YOUR INSTRUCTIONS:
Exactly as they stand, set down all of the records again.

DATA TO EXAMINE:
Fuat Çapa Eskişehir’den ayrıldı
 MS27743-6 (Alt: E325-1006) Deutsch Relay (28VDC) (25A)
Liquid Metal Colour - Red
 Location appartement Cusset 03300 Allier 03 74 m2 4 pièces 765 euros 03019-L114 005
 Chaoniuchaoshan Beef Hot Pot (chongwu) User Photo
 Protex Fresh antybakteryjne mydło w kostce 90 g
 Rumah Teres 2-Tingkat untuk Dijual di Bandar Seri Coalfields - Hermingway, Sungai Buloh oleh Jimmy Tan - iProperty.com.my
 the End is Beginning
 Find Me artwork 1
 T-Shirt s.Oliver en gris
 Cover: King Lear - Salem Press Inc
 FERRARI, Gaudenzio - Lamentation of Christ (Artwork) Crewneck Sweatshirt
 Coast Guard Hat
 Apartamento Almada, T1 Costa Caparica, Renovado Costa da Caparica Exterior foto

ANSWER SPACE:
Fuat Çapa Eskişehir’den ayrıldı
 MS27743-6 (Alt: E325-1006) Deutsch Relay (28VDC) (25A)
Liquid Metal Colour - Red
 Location appartement Cusset 03300 Allier 03 74 m2 4 pièces 765 euros 03019-L114 005
 Chaoniuchaoshan Beef Hot Pot (chongwu) User Photo
 Protex Fresh antybakteryjne mydło w kostce 90 g
 Rumah Teres 2-Tingkat untuk Dijual di Bandar Seri Coalfields - Hermingway, Sungai Buloh oleh Jimmy Tan - iProperty.com.my
 the End is Beginning
 Find Me artwork 1
 T-Shirt s.Oliver en gris
 Cover: King Lear - Salem Press Inc
 FERRARI, Gaudenzio - Lamentation of Christ (Artwork) Crewneck Sweatshirt
 Coast Guard Hat
 Apartamento Almada, T1 Costa Caparica, Renovado Costa da Caparica Exterior foto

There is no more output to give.